§ **Task goal**: Going from the line that contains "Hello, English 1301." through the last line of the records, set down each line again exactly, both included, with pictures left out.

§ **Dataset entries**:
● ● ●

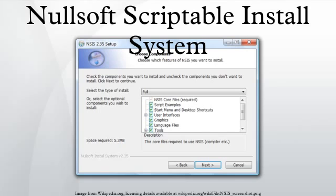NSIS can be extended with plugins that can communicate with the installer. Plugins can be written in any managed programming language capable of building a dynamic link library, and they can be used to perform installation tasks or extend the installer interface. A plugin can be called with a single line of NSIS code.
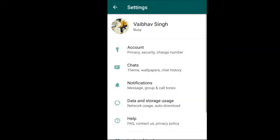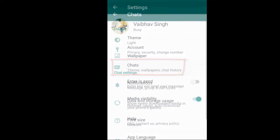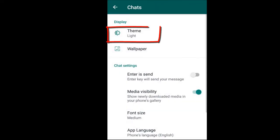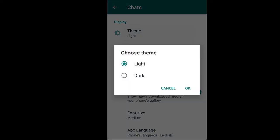We will open the settings in this app. As you can see, the theme option is appearing and you can see the theme change. If you have the theme now, go to your WhatsApp, open the new update, then open the theme, and select dark mode.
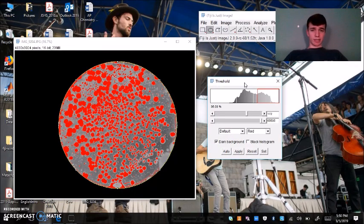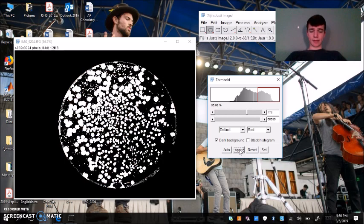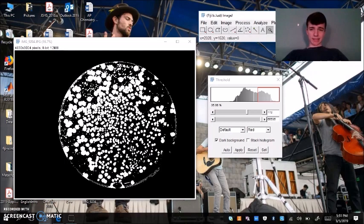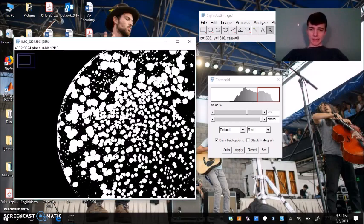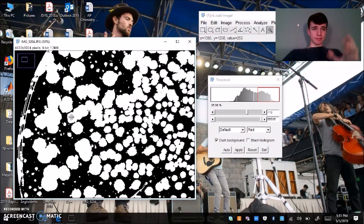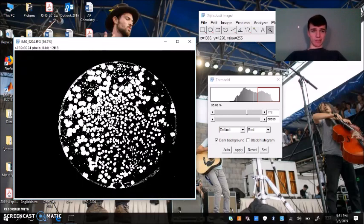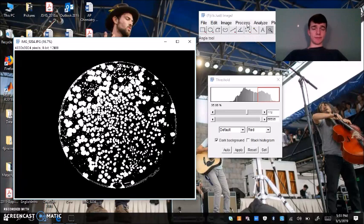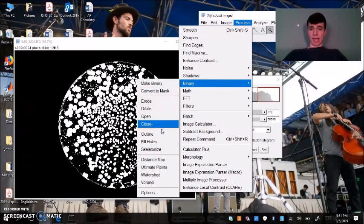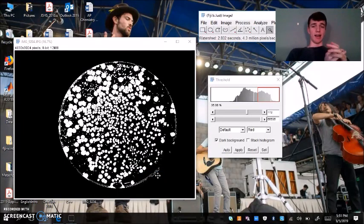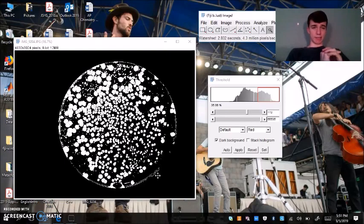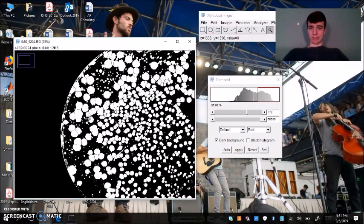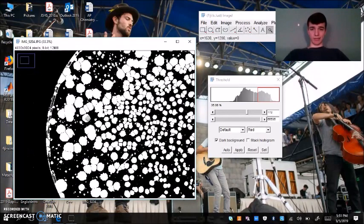Once you've thresholded your colonies, you're going to hit Apply. That's going to form a black and white image. What you might notice at this step is that a couple of our colonies have kind of merged together. That'll influence our final count number. So what we do here is we go to Process, Binary, and Watershed. What that command will do is based on the size and shape of our threshold, it's going to segment our colonies into different chunks that we can count.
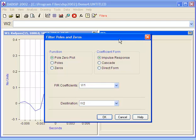Since Poles Zero Plot is already selected in the Function Radio Button section, we can press the OK button to create the Poles and Zeros plot.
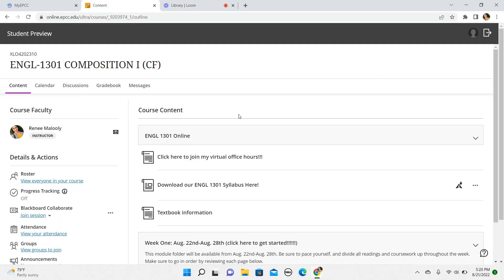Hello, English 1301. Welcome to the fall 2022 semester. This video is going to discuss and review our syllabus and give an overview of how my online course is structured, should you have any questions, because I know that instructors all kind of design their courses differently.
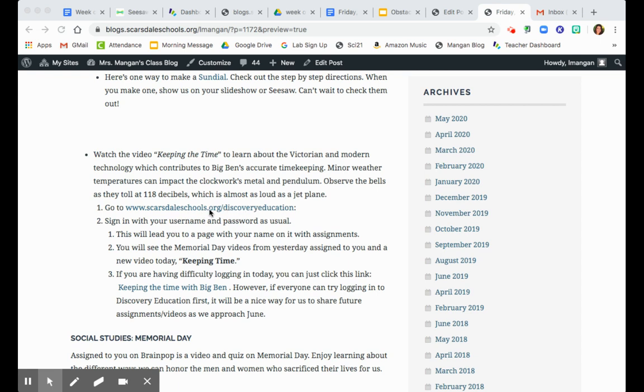When you click on that link, you're just gonna sign in with your regular username and password. It's gonna bring you to a page and it has your name on it with the assignments. You'll see Memorial Day videos that I couldn't put in yesterday that you'll be able to see today. And you'll see a new video called Keeping Time.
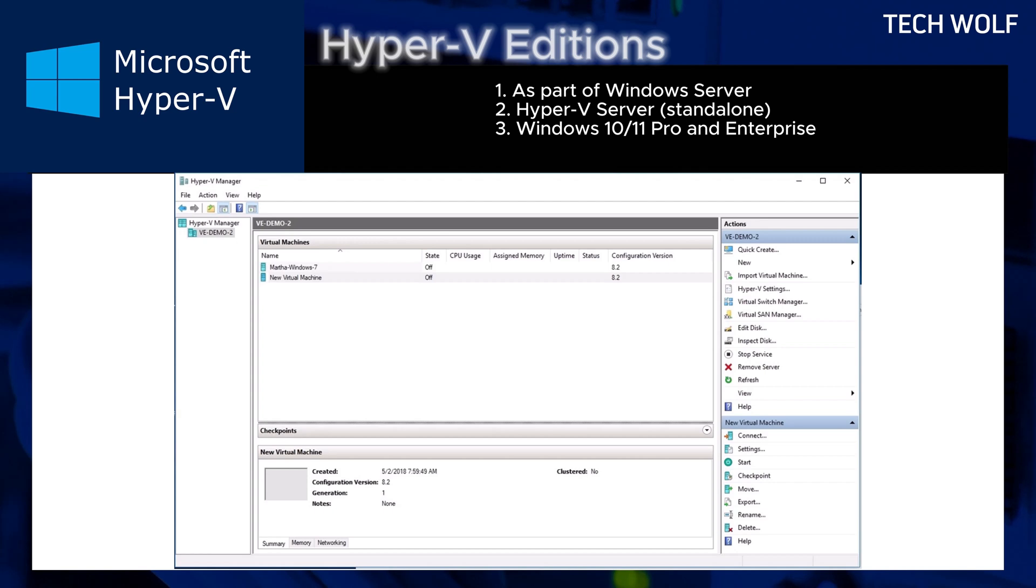Hyper-V is widely used in Enterprise environments due to its integration with Microsoft's ecosystem, scalability and robust feature set.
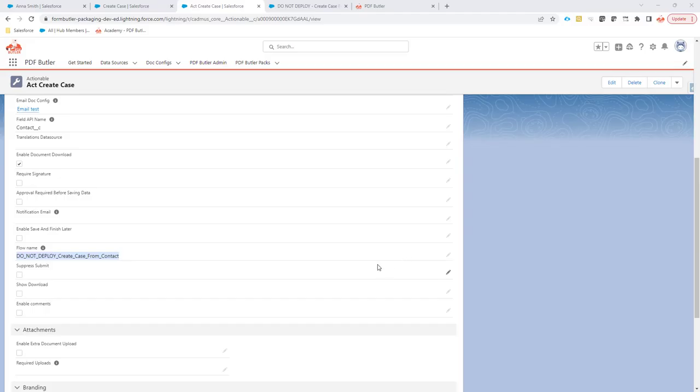While creating a flow, we can actually set that PDFButter must update the data via calling a flow instead of updating the data itself via the configuration.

● ● ●

§ **Response to this exercise**:
Hello, English 1301. Welcome to the fall 2022 semester. This video is going to discuss and review our syllabus and give an overview of how my online course is structured, should you have any questions, because I know that instructors all kind of design their courses differently.
When you click on that link, you're just gonna sign in with your regular username and password. It's gonna bring you to a page and it has your name on it with the assignments. You'll see Memorial Day videos that I couldn't put in yesterday that you'll be able to see today. And you'll see a new video called Keeping Time.
Hyper-V is widely used in Enterprise environments due to its integration with Microsoft's ecosystem, scalability and robust feature set.
While creating a flow, we can actually set that PDFButter must update the data via calling a flow instead of updating the data itself via the configuration.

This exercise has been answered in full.